强化学习读书笔记 - 06~07 - 时序差分学习(Temporal-Difference Learning)
强化学习读书笔记 - 06~07 - 时序差分学习(Temporal-Difference Learning)
学习笔记:
Reinforcement Learning: An Introduction, Richard S. Sutton and Andrew G. Barto c 2014, 2015, 2016
数学符号看不懂的,先看看这里:
时序差分学习简话
时序差分学习结合了动态规划和蒙特卡洛方法,是强化学习的核心思想。
时序差分这个词不好理解。改为当时差分学习比较形象一些 - 表示通过当前的差分数据来学习。
蒙特卡洛的方法是模拟(或者经历)一段情节,在情节结束后,根据情节上各个状态的价值,来估计状态价值。
时序差分学习是模拟(或者经历)一段情节,每行动一步(或者几步),根据新状态的价值,然后估计执行前的状态价值。
可以认为蒙特卡洛的方法是最大步数的时序差分学习。
本章只考虑单步的时序差分学习。多步的时序差分学习在下一章讲解。
数学表示
根据我们已经知道的知识:如果可以计算出策略价值(\(\pi\)状态价值\(v_{\pi}(s)\),或者行动价值\(q_{\pi(s, a)}\)),就可以优化策略。

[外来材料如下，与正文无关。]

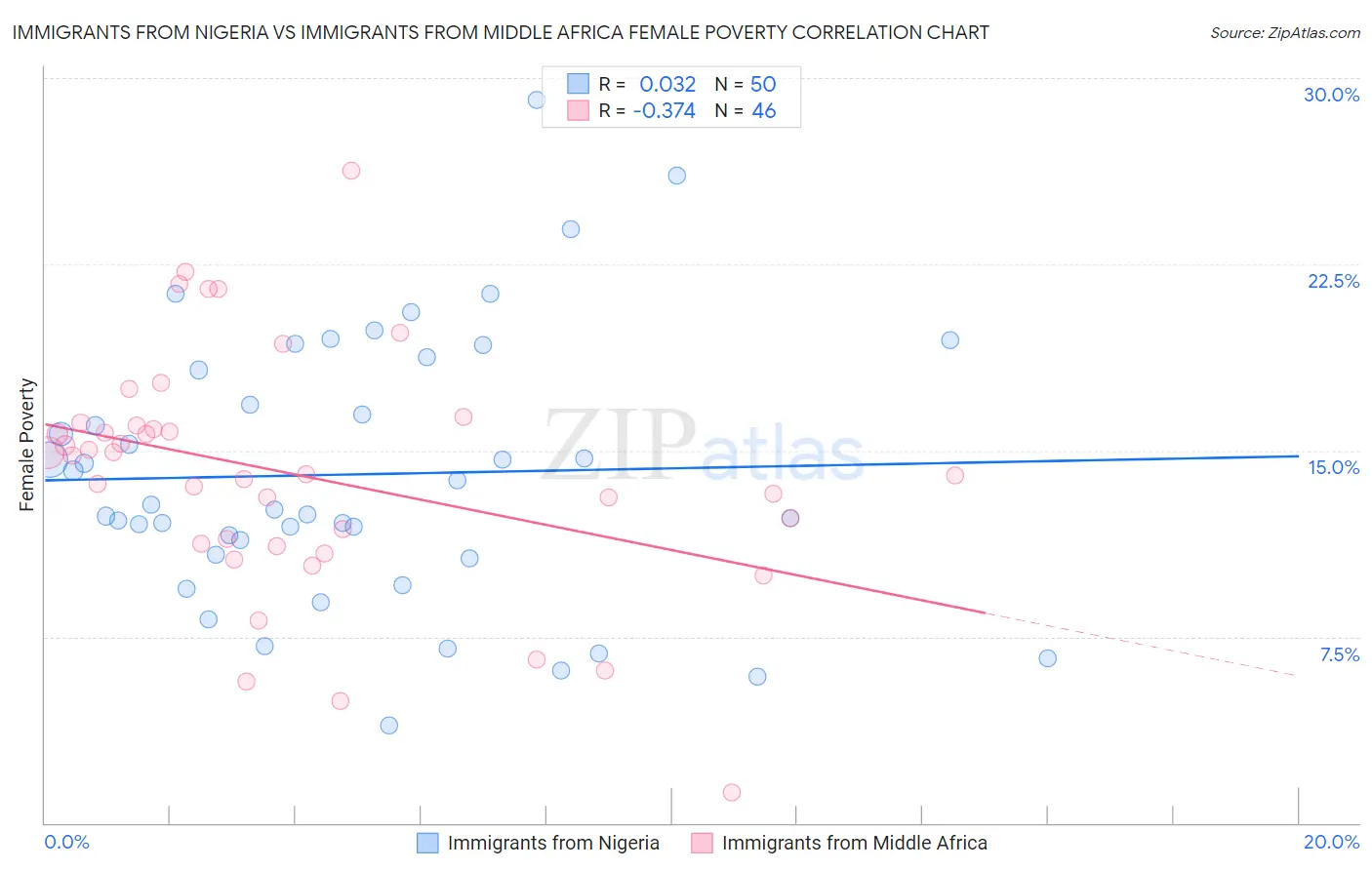 Immigrants from Nigeria vs Immigrants from Middle Africa Female Poverty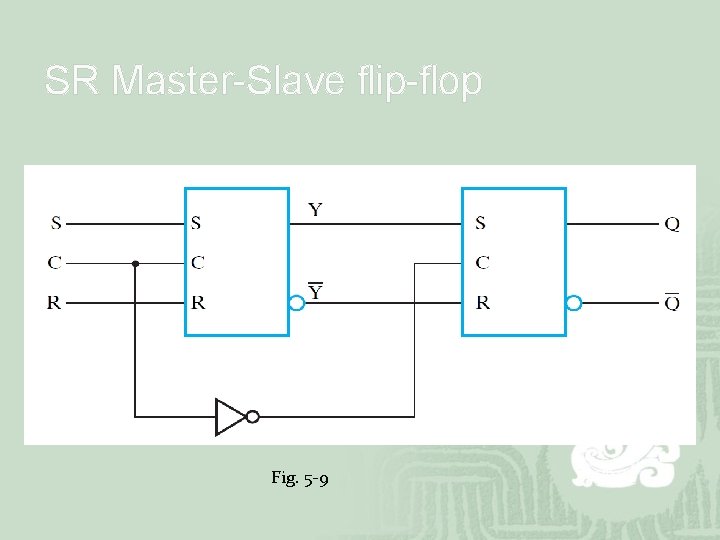 SR Master-Slave flip-flop Fig. 5 -9 SR Master-Slave flip-flop Fig. 5 -9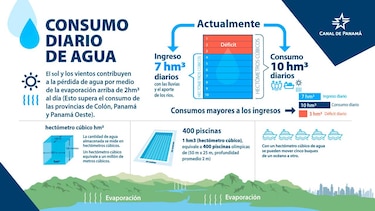 Canal de Panamá: los próximos 80 días son cruciales para elevar almacenamiento de los lagos Gatún y Alajuela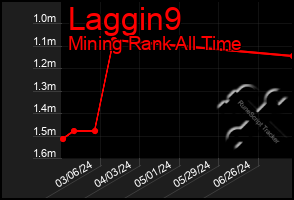 Total Graph of Laggin9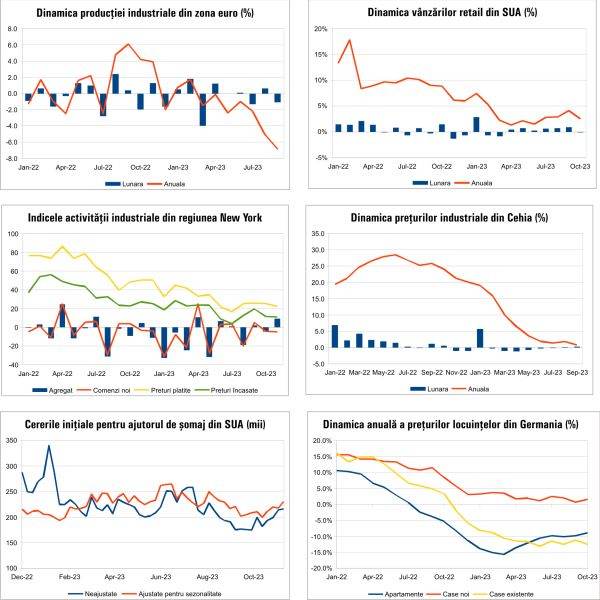 MACRO NEWSLETTER 20 Noiembrie 2023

在蒙特卡洛方法中,计算策略的价值,需要完成一个情节(episode),通过情节的目标价值\(G_t\)来计算状态的价值。其公式:
Formula MonteCarlo
\[
V(S_t) \gets V(S_t) + \alpha \delta_t \\
\delta_t = [G_t - V(S_t)] \\
where \\
\delta_t \text{ - Monte Carlo error} \\
\alpha \text{ - learning step size}
\]
时序差分的思想是通过下一个状态的价值计算状态的价值,形成一个迭代公式(又):
Formula TD(0)
\[
V(S_t) \gets V(S_t) + \alpha \delta_t \\
\delta_t = [R_{t+1} + \gamma\ V(S_{t+1} - V(S_t)] \\
where \\
\delta_t \text{ - TD error} \\
\alpha \text{ - learning step size} \\
\gamma \text{ - reward discount rate}
\]
注:书上提出TD error并不精确,而Monte Carlo error是精确地。需要了解,在此并不拗述。
时序差分学习方法
本章介绍的是时序差分学习的单步学习方法。多步学习方法在下一章介绍。
- 策略状态价值\(v_{\pi}\)的时序差分学习方法(单步\多步)
- 策略行动价值\(q_{\pi}\)的on-policy时序差分学习方法: Sarsa(单步\多步)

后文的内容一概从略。